Der Vögel Lied

Anna-Lea Bentke

by Anna-Lea Bentke

Story

Die Glasscherben auf dem Gehweg glänzen in der Sonne. Sie wurden an den Kanten abgeschliffen, damit Sie gefahrlos die Wege durch den Park markieren können. Für Oktober ist es überraschend warm, aber ich höre kaum Vögel in den Baumwipfeln zwitschern. Das macht mich traurig.

Mit meinem Opa habe ich immer auf einer Parkbank gesessen und gelauscht, welche Vögel wir aus dem Gesang des Frühlings heraushören konnten. Manchmal hat er mich danach auf ein Eis eingeladen, ein großes mit vier Kugeln, Sahne und Erdbeersoße. Von der Sahne bekam ich einen Oberlippenbart, der fast so schön war wie Opas. Sein Lachen war laut, kräftig und melodisch wie Paukenschläge, doch wenn er pfiff, war er den Vögeln gleich. Seine laute Seele, die einen mit der Wucht einer Flutwelle überwältigen konnte, wurde dann ganz ruhig. Jedes Mal stimmten die Vögel in sein Lied mit ein. Jedes Mal erhob sich ein anderes Lied von seinen Lippen und hallte von den Vögeln wider. So wie die Vögel durch die Baumkronen hüpften, bewegte sich auch sein Lied. Ich habe mir oft gewünscht, genau so schön pfeifen zu können. Aber die einzigen die das konnten waren die Vögel.

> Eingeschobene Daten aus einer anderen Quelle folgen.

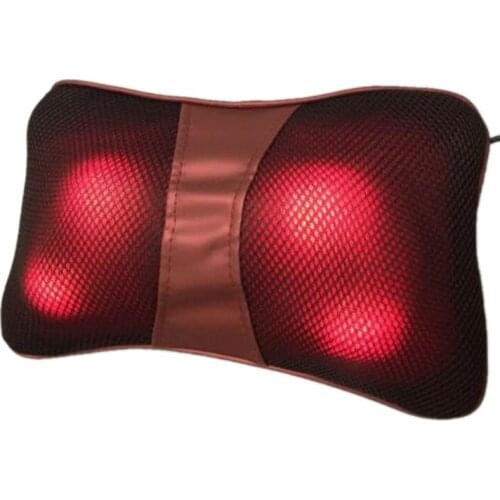 Relax Shoulder Waist Neck Cervical Massage Pillow Heating Kneading Vibrating Car Vehicle Seat Covers Shiatsu Massager Cushion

Ich trete auf die Lichtung, die vor Glasscherben glänzt. An den Bäumen tanzen Lichtreflexe, bewegen sich wie die Blätter im Wind.

Seit Opas Beerdigung letztes Jahr war ich nicht mehr hier. Obwohl dieser Ort mich schmerzhaft an ihn erinnert, hat mich doch die Sehnsucht gepackt. Ich wollte mich auf die grüne Parkbank setzen und meine Beine ausstrecken, wie Opa es immer getan hatte. Mein Herz klopft schnell, als ich mich setze und bemerke, wie unbequem die Bank ist. Opa hatte immer wohlig geseufzt und sich gerekelt, da war mir das nie aufgefallen.

Ich bin nicht ganz sicher, was ich tun soll. Bin ich wirklich nur gekommen, um diesen Ort zu sehen? Ich fühle mich so dumm. Auch wenn ich das Gefühl habe, er könnte jeden Moment zwischen den Bäumen hindurchtreten, für einen Nachmittag mit mir, den Vögeln und Eis, ist er natürlich nicht hier. Die Erkenntnis dieser Wahrheit trifft mich wie ein Schlag ins Gesicht. Ich sehne mich zurück, sehne mich danach, wieder bei ihm zu sein. Noch ein letztes seiner Lieder zu hören. Ich fange an zu weinen, schluchze und schluchze, bis ich schließlich heule wie ein Baby.

Als ich jung war, wollte ich immer so werden wie er, aber das bin ich nicht, keiner wird das je sein. Keiner wird je so mit den Vögeln singen können wie er, keiner seine Rolle einnehmen. Ich bin zwar hier, aber ich bin allein.

“Wo bist du?”, flüstere ich hilflos.

Da höre ich etwas, das mich innehalten lässt. Es ist der hässliche Ruf einer Krähe. Doch sie klingt nicht spottend. Eher, als wollte sie, dass ich lausche. Das tue ich. Ich spitze die Ohren, als hinge mein Leben davon ab, traue mich nicht mal zu atmen, dann höre ich den Gesang der Vögel.

Wieder steigen mir Tränen in die Augen. Glitzernd wie die Glasscherben, laufen sie meine Wangen hinab. Auf einmal bin ich nicht mehr allein und ich weiß, er ist doch hier.